RECORD SET =
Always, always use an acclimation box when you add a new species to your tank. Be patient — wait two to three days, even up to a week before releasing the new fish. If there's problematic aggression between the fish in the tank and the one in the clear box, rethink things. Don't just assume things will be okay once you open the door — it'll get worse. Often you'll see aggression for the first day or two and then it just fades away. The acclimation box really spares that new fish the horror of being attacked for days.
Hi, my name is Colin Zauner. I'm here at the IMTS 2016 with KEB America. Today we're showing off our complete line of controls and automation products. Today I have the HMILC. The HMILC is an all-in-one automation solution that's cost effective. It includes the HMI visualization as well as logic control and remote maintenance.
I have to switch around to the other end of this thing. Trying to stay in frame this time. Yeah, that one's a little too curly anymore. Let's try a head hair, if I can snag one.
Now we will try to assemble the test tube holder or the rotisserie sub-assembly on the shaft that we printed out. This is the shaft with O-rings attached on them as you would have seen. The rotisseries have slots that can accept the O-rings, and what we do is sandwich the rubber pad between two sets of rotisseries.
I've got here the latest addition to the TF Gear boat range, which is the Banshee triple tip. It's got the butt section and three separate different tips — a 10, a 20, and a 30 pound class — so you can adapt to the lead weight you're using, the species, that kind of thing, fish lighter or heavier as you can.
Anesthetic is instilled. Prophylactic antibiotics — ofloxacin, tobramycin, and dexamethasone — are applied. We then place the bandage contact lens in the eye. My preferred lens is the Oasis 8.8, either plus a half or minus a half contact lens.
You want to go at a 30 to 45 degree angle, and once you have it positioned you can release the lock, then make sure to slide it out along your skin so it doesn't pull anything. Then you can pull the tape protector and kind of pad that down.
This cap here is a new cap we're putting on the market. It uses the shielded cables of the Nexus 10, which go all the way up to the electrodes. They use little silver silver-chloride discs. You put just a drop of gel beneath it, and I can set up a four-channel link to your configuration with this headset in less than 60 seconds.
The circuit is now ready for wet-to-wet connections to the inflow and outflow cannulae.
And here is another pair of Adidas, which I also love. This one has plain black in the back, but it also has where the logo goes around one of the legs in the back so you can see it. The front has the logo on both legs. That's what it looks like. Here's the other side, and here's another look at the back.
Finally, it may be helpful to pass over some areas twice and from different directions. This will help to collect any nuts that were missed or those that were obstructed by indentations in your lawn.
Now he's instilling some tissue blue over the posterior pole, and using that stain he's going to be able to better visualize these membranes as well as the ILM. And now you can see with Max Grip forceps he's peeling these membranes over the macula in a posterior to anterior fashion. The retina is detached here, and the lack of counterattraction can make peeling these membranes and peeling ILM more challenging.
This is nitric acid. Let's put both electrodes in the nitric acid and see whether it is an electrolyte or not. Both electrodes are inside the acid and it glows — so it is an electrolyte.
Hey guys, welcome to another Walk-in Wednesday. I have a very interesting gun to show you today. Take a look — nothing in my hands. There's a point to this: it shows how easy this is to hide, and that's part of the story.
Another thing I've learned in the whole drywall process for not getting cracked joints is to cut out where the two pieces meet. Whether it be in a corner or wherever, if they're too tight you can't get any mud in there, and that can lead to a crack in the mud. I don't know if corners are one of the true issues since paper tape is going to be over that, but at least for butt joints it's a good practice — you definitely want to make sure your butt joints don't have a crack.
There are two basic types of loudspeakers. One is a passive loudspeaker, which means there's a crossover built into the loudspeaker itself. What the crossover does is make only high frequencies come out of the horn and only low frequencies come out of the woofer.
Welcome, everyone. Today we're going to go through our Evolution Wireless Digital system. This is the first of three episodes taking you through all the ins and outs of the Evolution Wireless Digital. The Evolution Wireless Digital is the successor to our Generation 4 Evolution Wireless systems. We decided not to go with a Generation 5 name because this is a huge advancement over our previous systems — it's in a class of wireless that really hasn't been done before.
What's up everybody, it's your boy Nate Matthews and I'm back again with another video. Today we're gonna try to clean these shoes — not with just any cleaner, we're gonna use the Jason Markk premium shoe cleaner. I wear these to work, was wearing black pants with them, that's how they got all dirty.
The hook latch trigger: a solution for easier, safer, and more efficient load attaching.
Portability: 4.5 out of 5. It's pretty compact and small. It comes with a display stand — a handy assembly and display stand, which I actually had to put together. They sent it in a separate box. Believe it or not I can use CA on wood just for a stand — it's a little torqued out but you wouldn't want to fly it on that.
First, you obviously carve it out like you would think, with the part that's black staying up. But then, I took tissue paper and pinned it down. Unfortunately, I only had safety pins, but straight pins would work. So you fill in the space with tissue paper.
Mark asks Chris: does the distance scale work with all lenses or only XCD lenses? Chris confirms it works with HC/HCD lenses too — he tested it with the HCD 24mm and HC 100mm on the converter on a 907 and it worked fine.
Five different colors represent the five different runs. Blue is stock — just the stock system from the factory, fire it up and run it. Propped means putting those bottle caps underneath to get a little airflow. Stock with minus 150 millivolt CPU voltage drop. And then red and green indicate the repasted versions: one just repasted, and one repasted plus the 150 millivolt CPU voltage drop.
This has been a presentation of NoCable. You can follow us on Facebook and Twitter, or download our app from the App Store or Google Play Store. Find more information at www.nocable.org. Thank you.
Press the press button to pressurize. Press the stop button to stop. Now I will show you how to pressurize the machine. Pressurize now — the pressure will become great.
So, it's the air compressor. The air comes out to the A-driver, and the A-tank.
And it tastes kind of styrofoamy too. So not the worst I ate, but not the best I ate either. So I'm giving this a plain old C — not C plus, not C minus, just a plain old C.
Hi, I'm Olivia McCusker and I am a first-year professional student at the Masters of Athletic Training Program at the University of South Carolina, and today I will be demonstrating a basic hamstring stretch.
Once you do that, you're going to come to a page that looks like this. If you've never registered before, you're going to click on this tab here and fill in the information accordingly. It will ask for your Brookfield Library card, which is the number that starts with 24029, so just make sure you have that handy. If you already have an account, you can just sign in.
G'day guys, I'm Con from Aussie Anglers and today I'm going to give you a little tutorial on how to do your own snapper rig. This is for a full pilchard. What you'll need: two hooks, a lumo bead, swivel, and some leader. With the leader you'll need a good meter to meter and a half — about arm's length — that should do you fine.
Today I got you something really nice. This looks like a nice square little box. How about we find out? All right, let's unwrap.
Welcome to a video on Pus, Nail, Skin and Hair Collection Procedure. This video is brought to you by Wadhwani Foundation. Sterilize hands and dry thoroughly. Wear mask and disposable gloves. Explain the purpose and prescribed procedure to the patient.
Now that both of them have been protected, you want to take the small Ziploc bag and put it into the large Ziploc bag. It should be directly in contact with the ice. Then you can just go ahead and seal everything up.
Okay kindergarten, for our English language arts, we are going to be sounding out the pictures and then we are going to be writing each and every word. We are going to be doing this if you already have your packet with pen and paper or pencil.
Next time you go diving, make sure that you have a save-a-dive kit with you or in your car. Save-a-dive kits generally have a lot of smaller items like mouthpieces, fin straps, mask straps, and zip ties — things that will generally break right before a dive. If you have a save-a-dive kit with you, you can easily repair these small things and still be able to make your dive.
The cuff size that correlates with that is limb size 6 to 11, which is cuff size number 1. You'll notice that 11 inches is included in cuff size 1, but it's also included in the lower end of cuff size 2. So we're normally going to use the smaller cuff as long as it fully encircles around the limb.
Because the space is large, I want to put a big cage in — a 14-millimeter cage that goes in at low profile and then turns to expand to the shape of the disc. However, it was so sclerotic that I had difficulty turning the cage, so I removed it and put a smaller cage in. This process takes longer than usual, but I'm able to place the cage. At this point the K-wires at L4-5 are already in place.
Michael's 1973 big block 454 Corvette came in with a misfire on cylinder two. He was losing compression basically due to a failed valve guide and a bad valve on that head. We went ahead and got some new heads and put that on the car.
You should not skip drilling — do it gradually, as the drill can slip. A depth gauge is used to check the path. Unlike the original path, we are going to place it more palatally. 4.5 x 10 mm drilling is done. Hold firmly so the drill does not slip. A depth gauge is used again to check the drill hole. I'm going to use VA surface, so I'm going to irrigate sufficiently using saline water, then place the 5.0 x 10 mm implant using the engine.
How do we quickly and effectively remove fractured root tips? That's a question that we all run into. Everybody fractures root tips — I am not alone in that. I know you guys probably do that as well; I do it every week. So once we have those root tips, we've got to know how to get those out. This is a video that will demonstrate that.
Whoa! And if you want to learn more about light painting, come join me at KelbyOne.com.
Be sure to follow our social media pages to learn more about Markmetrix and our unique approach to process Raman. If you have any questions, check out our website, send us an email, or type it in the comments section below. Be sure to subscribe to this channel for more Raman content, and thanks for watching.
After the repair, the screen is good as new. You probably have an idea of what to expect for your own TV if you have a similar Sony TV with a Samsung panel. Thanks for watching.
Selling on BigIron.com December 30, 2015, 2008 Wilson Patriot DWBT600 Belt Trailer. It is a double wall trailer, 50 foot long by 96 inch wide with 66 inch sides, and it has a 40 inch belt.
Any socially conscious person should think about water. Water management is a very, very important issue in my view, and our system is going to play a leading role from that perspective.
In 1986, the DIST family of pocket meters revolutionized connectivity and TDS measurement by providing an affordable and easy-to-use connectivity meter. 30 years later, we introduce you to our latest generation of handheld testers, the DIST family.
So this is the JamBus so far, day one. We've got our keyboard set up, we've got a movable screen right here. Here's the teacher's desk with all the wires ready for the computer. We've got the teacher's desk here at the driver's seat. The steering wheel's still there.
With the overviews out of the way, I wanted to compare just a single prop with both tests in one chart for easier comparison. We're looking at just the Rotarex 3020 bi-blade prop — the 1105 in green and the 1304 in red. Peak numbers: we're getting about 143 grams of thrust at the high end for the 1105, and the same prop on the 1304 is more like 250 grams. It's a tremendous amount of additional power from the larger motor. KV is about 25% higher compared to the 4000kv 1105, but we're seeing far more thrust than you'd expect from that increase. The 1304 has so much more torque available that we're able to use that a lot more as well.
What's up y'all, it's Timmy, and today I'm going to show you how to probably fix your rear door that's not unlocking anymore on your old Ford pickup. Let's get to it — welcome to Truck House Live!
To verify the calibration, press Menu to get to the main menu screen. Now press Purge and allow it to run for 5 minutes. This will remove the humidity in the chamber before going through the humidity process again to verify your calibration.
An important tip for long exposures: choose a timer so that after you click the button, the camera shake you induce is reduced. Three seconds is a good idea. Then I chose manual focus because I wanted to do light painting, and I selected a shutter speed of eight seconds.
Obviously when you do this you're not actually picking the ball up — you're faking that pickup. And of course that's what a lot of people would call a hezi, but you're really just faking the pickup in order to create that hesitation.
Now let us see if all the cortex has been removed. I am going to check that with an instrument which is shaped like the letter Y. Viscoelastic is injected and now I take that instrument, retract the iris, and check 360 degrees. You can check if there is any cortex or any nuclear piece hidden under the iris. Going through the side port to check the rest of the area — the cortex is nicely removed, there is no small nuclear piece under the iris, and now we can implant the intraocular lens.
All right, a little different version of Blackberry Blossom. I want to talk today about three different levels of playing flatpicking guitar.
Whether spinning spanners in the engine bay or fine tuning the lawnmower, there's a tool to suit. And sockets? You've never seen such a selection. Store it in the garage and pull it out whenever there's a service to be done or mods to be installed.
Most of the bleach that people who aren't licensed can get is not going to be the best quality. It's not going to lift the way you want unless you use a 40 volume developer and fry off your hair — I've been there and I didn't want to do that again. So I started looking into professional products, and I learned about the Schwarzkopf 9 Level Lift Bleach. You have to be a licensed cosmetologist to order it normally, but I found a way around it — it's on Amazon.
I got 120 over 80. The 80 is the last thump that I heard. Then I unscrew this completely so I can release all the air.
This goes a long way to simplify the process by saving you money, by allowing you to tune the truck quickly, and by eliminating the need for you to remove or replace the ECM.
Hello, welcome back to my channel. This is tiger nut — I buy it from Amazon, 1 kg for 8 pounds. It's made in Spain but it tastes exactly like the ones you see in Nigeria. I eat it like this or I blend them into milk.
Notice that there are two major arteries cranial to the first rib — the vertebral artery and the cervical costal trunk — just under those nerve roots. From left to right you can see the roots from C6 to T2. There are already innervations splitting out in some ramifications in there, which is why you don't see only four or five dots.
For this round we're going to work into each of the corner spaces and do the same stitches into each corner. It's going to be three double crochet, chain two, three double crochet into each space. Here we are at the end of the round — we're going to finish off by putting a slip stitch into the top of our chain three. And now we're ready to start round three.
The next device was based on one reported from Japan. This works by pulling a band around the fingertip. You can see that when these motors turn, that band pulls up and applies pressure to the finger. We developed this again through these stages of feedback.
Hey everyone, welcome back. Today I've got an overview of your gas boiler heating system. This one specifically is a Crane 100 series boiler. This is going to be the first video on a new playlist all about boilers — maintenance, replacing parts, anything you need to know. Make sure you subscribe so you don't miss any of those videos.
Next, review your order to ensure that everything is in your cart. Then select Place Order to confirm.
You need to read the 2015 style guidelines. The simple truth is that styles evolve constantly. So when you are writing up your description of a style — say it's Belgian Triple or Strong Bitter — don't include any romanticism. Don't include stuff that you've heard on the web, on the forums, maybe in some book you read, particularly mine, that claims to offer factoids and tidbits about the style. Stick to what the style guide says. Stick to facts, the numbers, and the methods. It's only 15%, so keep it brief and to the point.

WHAT IS BEING ASKED = In the listing above, locate the line with "Now that both" and the line with "Okay kindergarten, for", then extract exactly those lines and every line between them, and nothing more.

TASK RESPONSE =
Now that both of them have been protected, you want to take the small Ziploc bag and put it into the large Ziploc bag. It should be directly in contact with the ice. Then you can just go ahead and seal everything up.
Okay kindergarten, for our English language arts, we are going to be sounding out the pictures and then we are going to be writing each and every word. We are going to be doing this if you already have your packet with pen and paper or pencil.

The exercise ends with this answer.